Assignment: Repeat the listing verbatim. Drop any pictures.

Collected material:
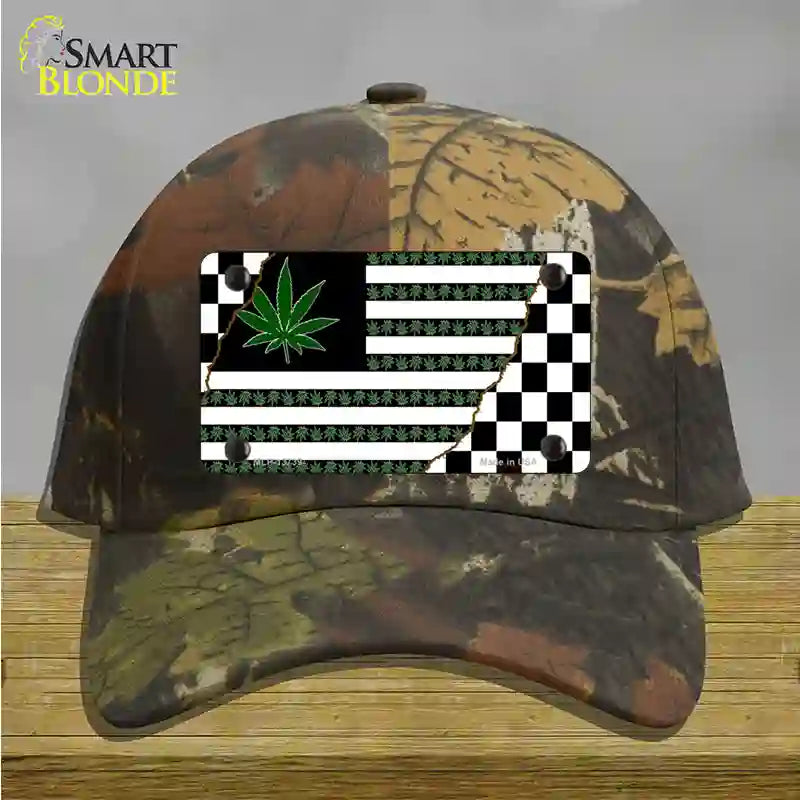 Weed American Racing Flag Novelty License Plate Hat Tag Cotton / Camoflauge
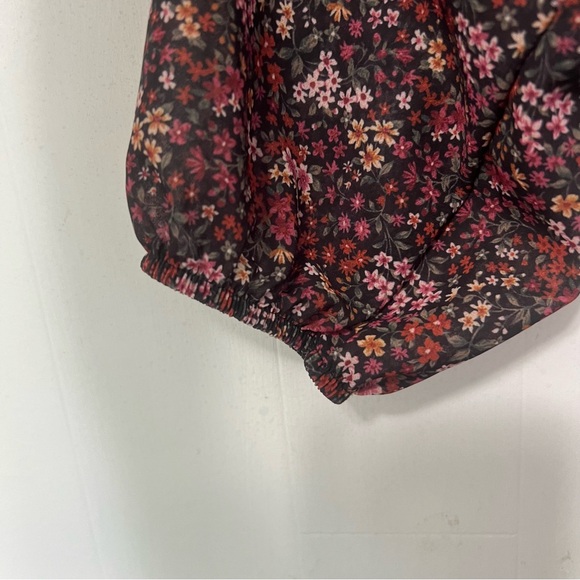 American Eagle Dark Ditzy Floral Tiered Boho Grunge Babydoll Mini Dress Size M - Picture 3 of 13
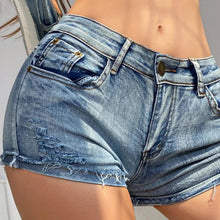 Load image into Gallery viewer, Summer Vibe Women's High-Waisted Sexy Denim Shorts with Button Detail
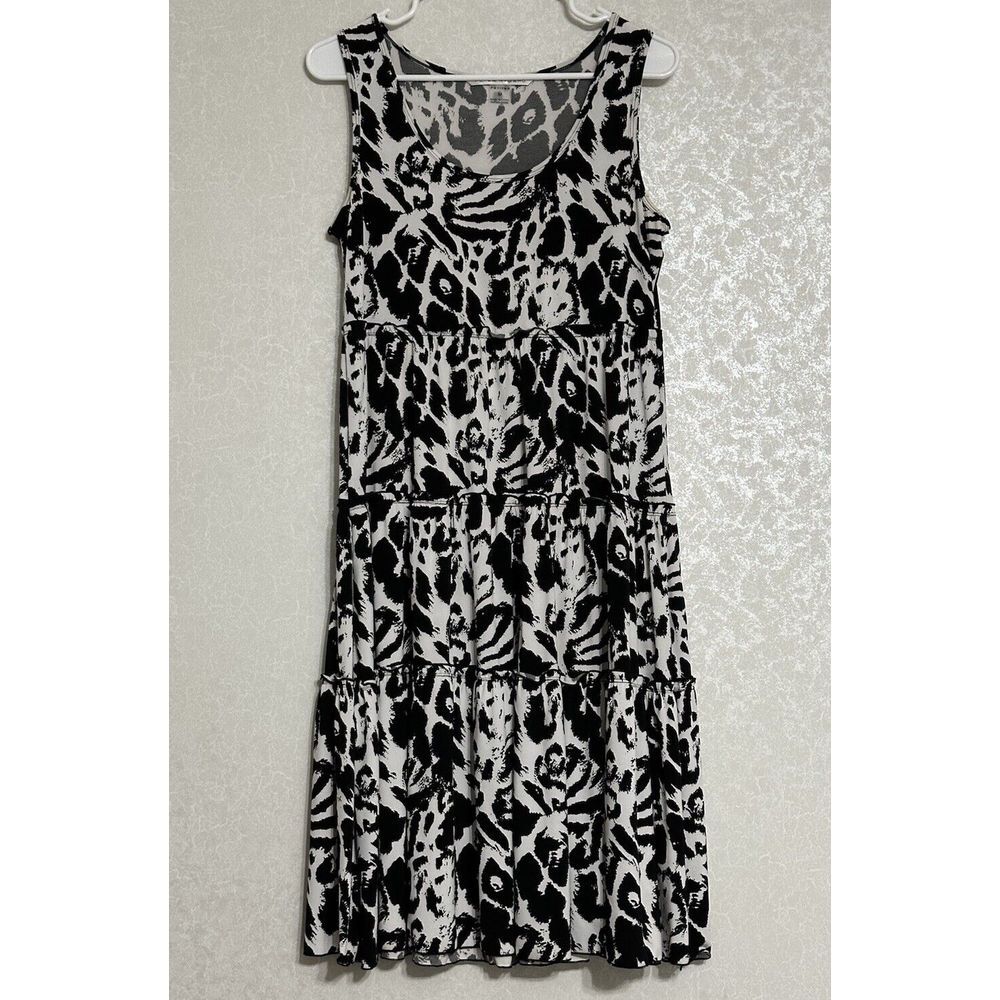 Peter Nygard Tiered Sleeveless Dress‎ Black & White Print Stretch PM Petite M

Your solution:
 Weed American Racing Flag Novelty License Plate Hat Tag Cotton / Camoflauge
 American Eagle Dark Ditzy Floral Tiered Boho Grunge Babydoll Mini Dress Size M - Picture 3 of 13
 Load image into Gallery viewer, Summer Vibe Women's High-Waisted Sexy Denim Shorts with Button Detail
 Peter Nygard Tiered Sleeveless Dress‎ Black & White Print Stretch PM Petite M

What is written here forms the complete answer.